Day One: Bratz held hostage.
The fate of the hugely popular dolls -- either beloved fashionistas or streetwalkers-in-training, depending on whom you talk to -- was unclear Thursday in the wake of a federal court order that handed the rights to the dolls and the Bratz name to the biggest toy maker of them all: Mattel Inc.
Also in limbo was the fate of MGA Entertainment Inc., the Van Nuys company that manufactures the Bratz and marketed them into an international phenomenon, illegally as it turned out.
The Bratz line, which debuted in 2001, is slated for recall and possible destruction in February unless U.S. District Judge Stephen G. Larson is swayed by further MGA arguments in the long-running copyright infringement case or an appeals court rules in MGA's favor.
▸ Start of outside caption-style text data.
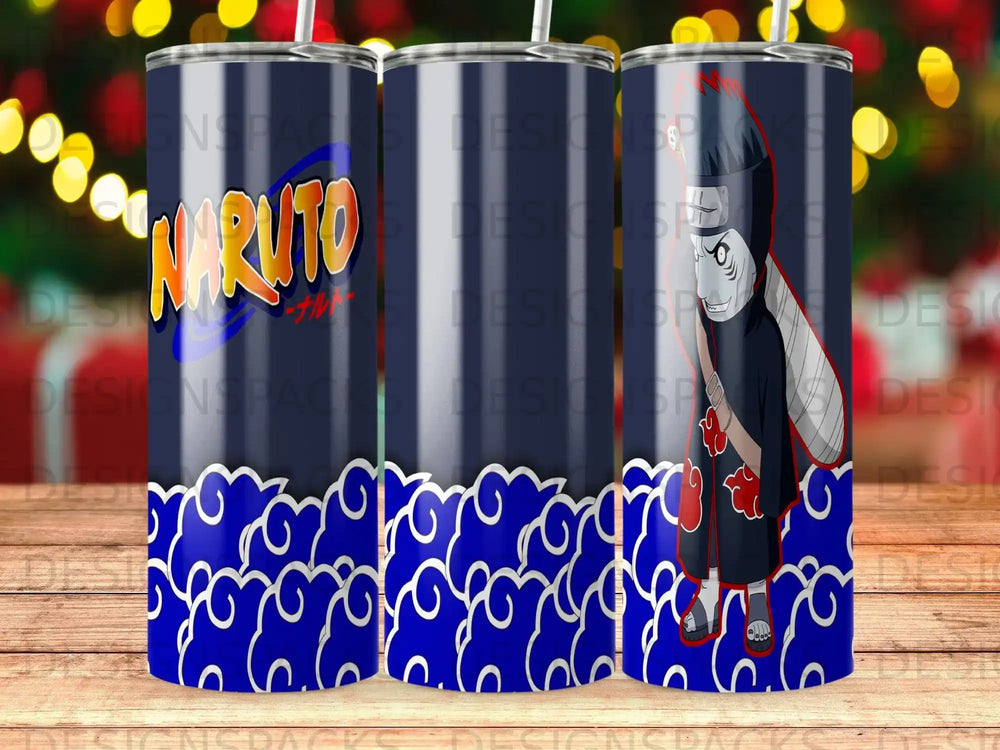 Naruto character illustration on a navy blue tumbler with white clouds.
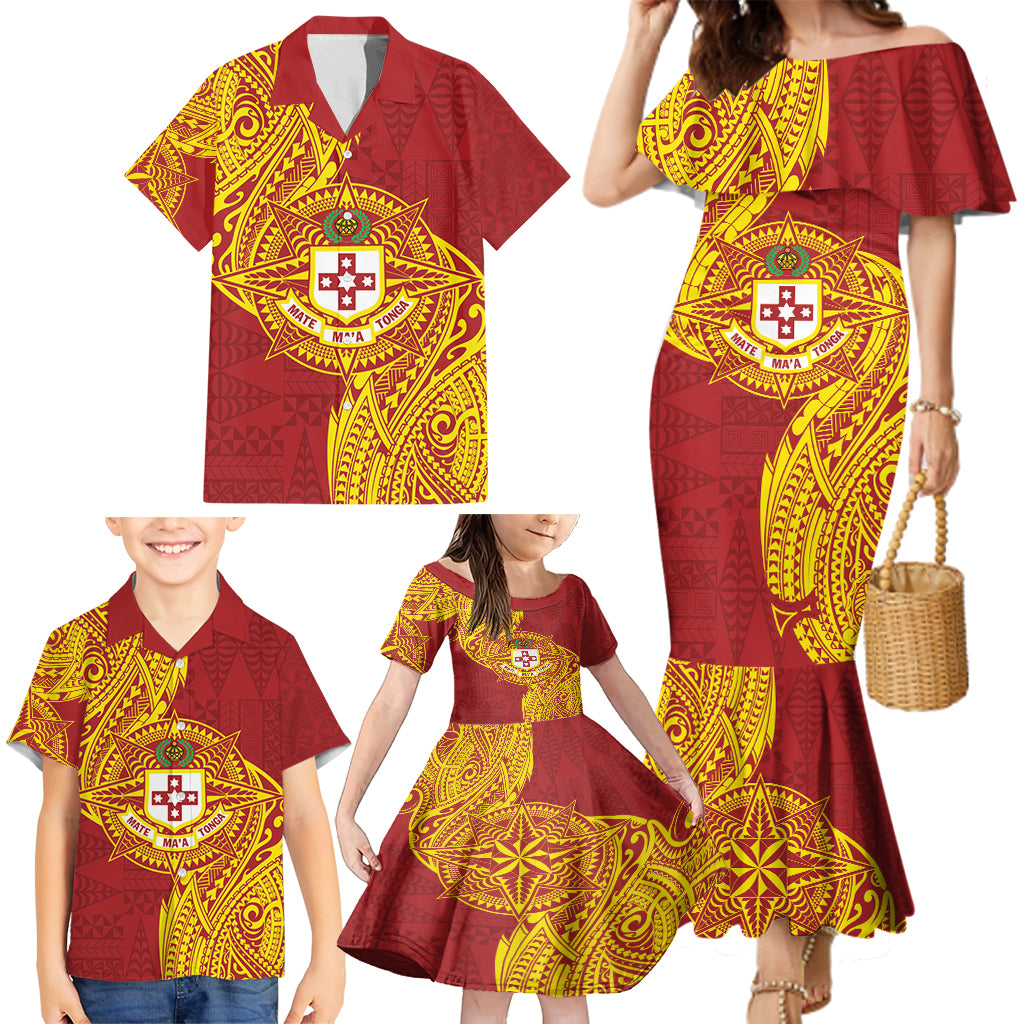 Personalised Kolisi Tonga Atele Family Matching Mermaid Dress and Hawaiian Shirt Since 1882 Simple Ngatu Pattern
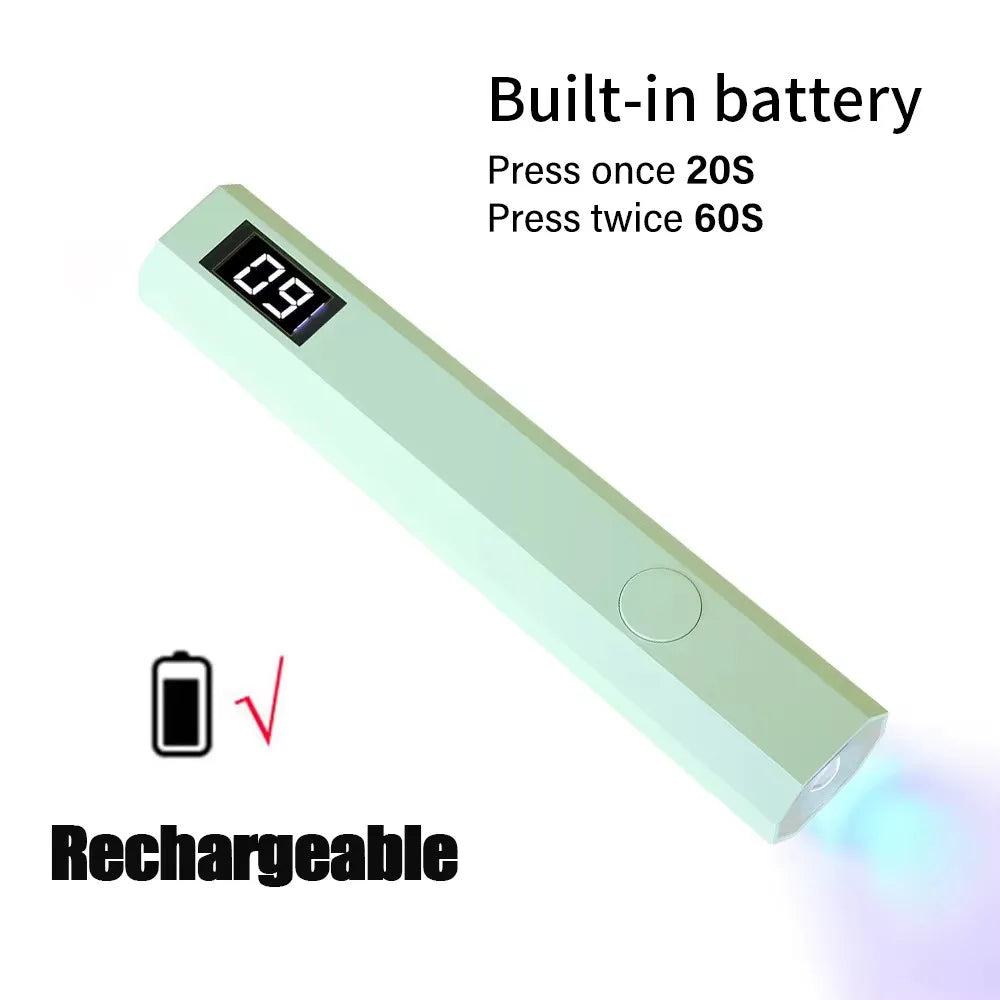 YIKOOLIN 1 Pc Portable UV/LED Pen Shape Nail Lamp For Gel Nail Polish Press On Nails Cordless Rechargeable USB Nail Dryer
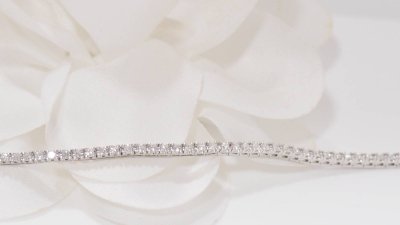 Bracelet rivière en or blanc et diamants 1ct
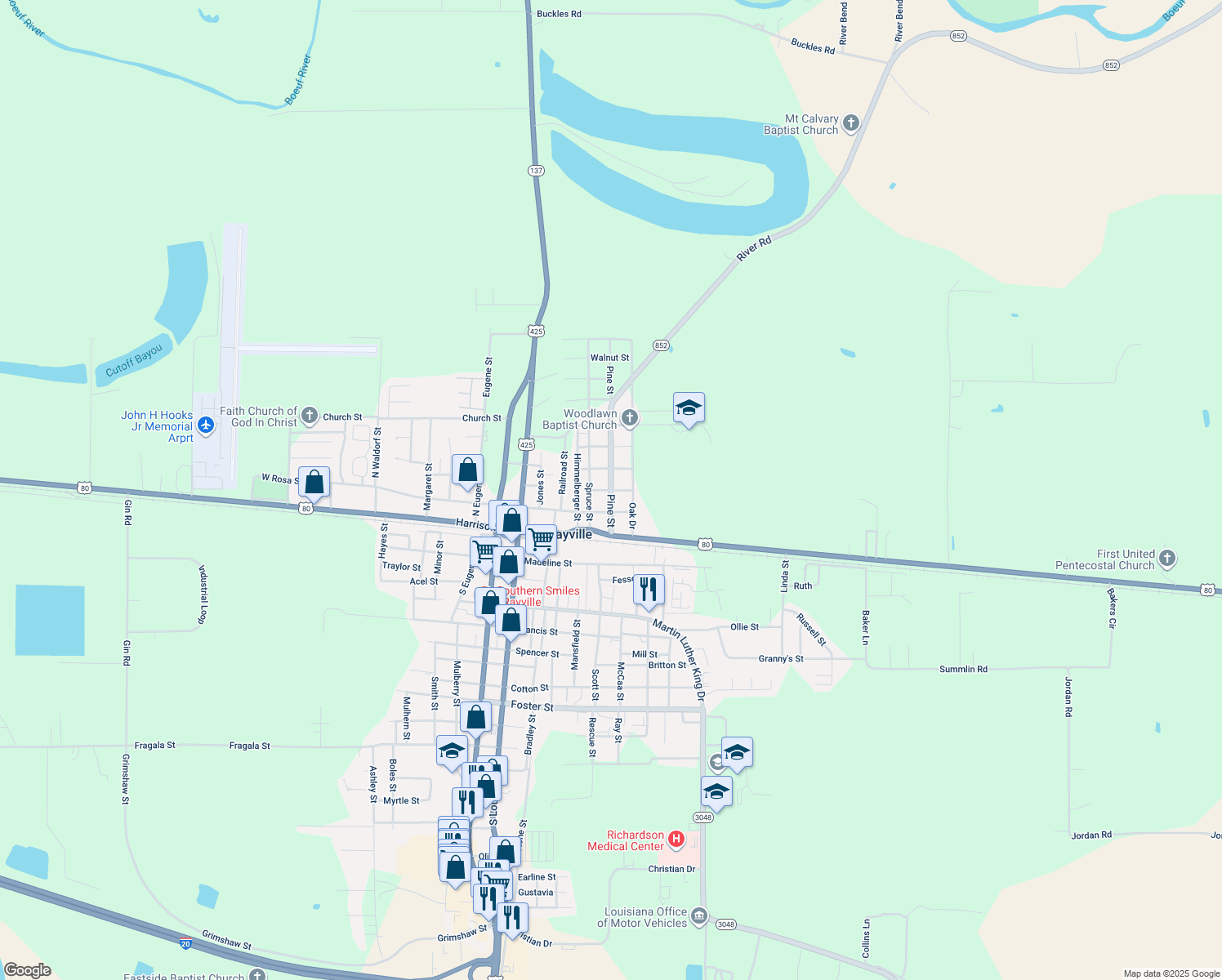 map of restaurants, bars, coffee shops, grocery stores, and more near 198 Elm Street in Rayville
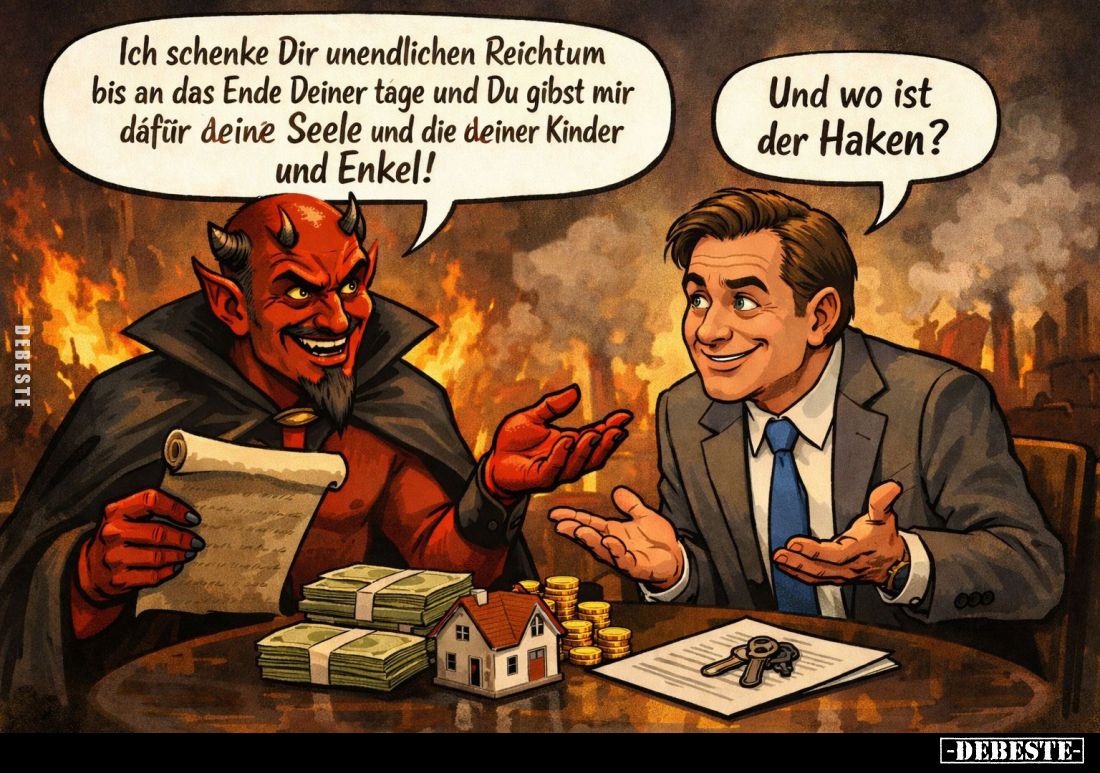 Ich schenke Dir unendlichen Reichtum bis an das Ende Deiner tage und Du gibst mir dafür deine Seele und die deiner Kinder und...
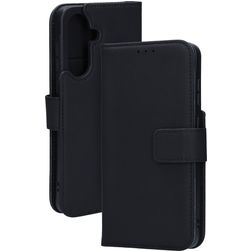 Mobiparts Samsung Galaxy A56 Hülle Echtes Leder Klapphülle Geldbörse - Schwarz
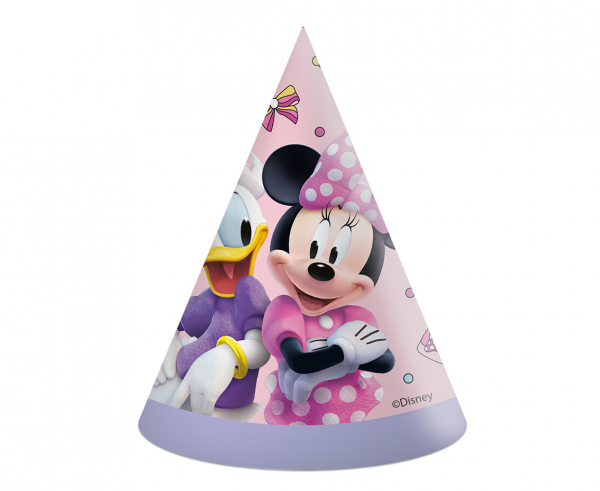 Czapeczki urodzinowe Minnie 6szt 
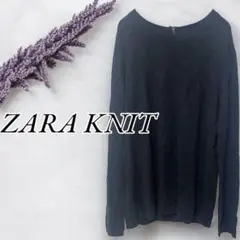 ZARA✨️クルーネックセーター ハイゲージニット バックハーフジップ
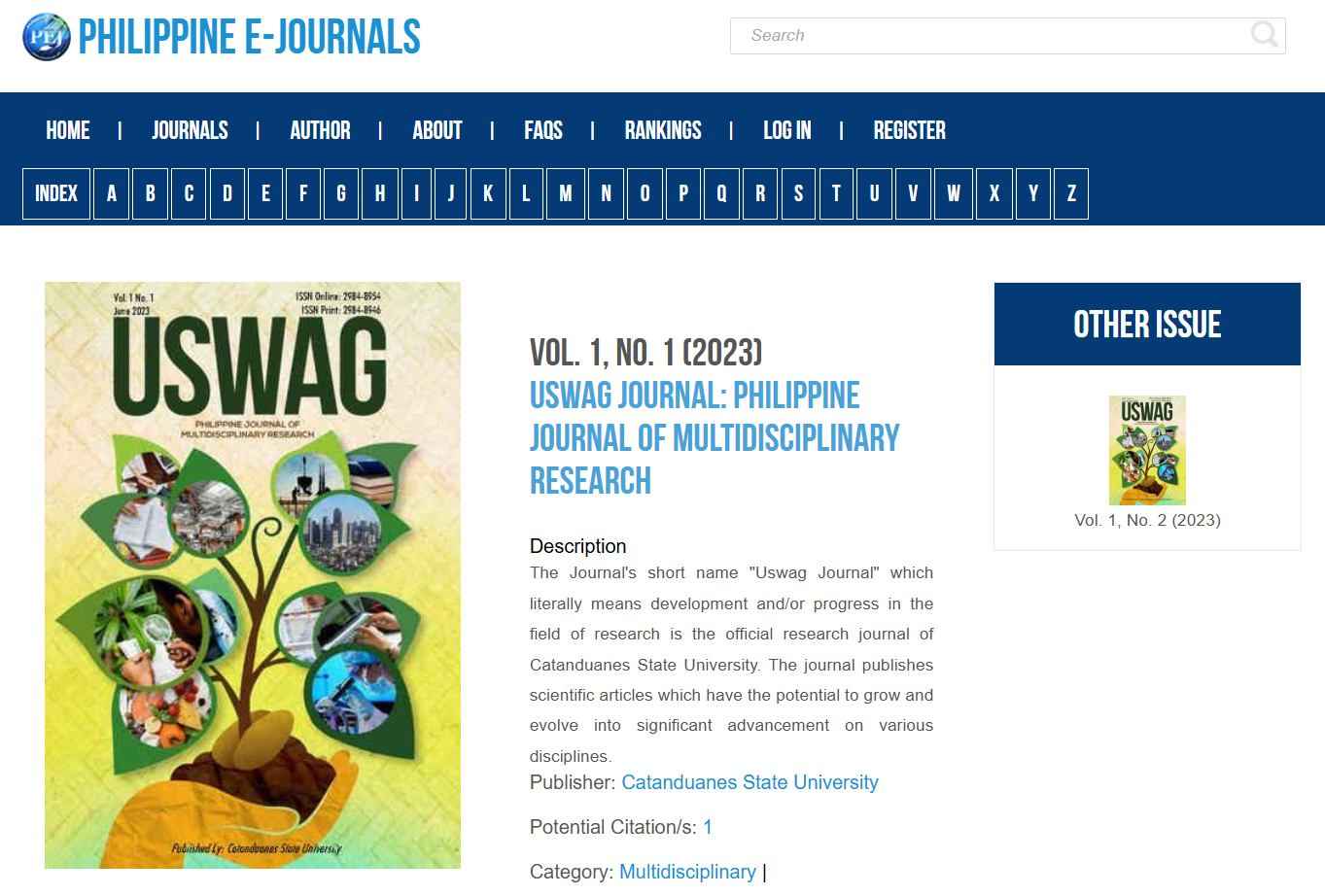 CatSU’s USWAG Journal Now Indexed in Philippine E-Journals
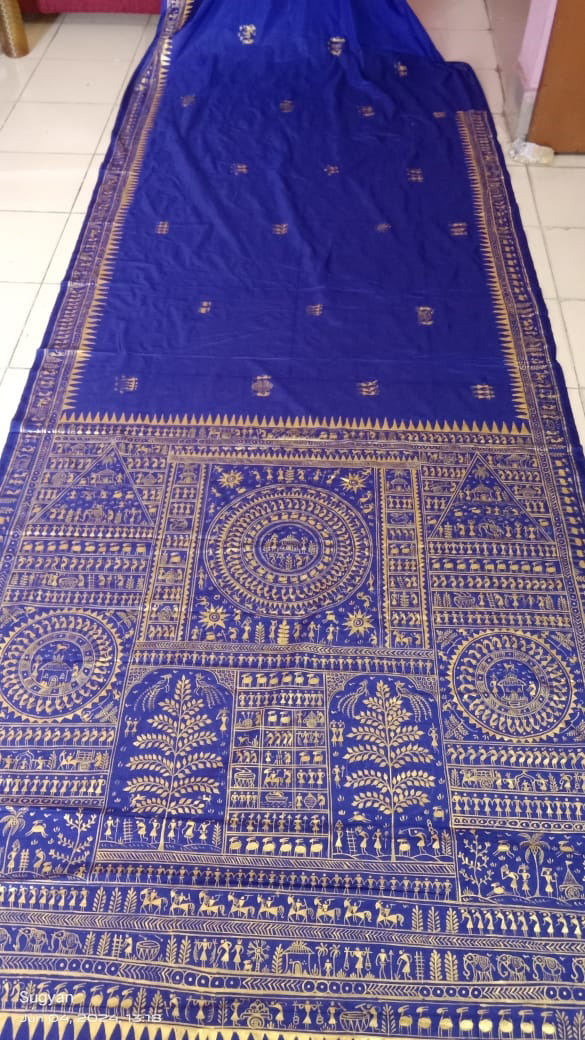 Tasar silk saree tribal work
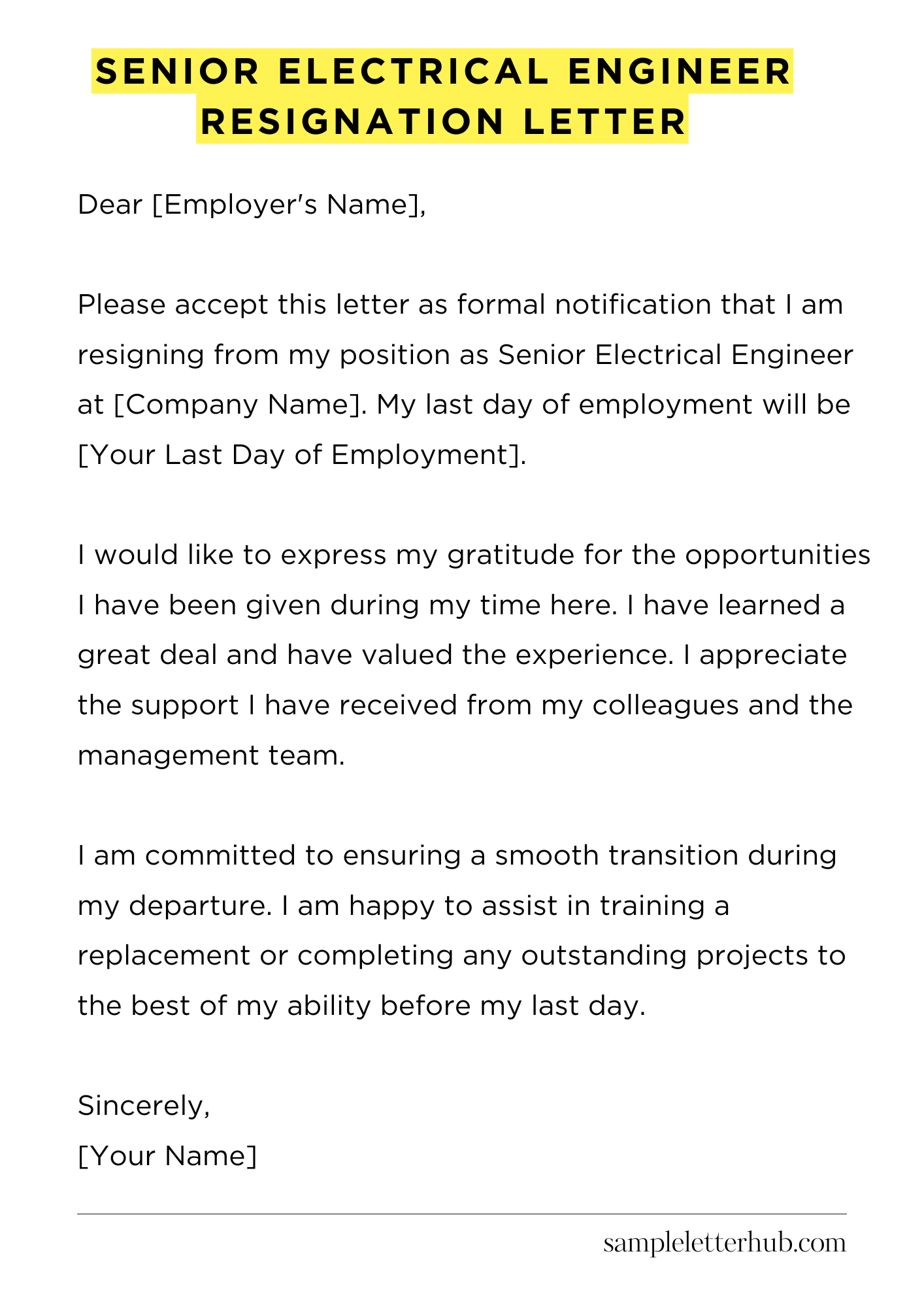 Senior Electrical Engineer Resignation Letter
Larson's order stemmed from a July jury decision that the creator of the Bratz doll came up with the design while working for Mattel under an exclusivity contract. He took the design to MGA, but the jury said it really belonged to Mattel, and the judge applied the sweeping penalty Wednesday.
At a Toys R Us store in Los Angeles three weeks before Christmas, you'd never know the Bratz were endangered. Half an aisle was devoted to the brand, including the Bratz Holiday Absolute Angel doll and Cloe the Bratz Play Sportz Xtreme Kickboxing doll, plus accessories.
Wandering through the pinkish glittering selection, Myra Villeda, 30, of Los Angeles browsed for her 8- and 9-year-old daughters. She said they much prefer Bratz to the long-reigning queen of fashion dolls, Mattel's Barbie.
"Bratz are just cooler, with their eyes and makeup done up more like how real women do it," Villeda said. "Barbies are more old-fashioned. Bratz are the ones with the cool clothes."
Those clothes, often hip-hugging with bare midriffs, made Bratz the primary target of a 2007 American Psychological Assn. report from its Task Force on the Sexualization of Girls.
Describing the Bratz as dressed "in sexualized clothing, such as miniskirts, fishnet stockings and feather boas," the report said it was worrisome that girls were being "associated with an objectified adult sexuality."
One of the report's authors, psychology professor Tomi-Ann Roberts of Colorado College, was hoping the Bratz might disappear.
"Dolls are very much about role playing," Roberts said. "So what role are the Bratz supposed to be playing, prostitution?"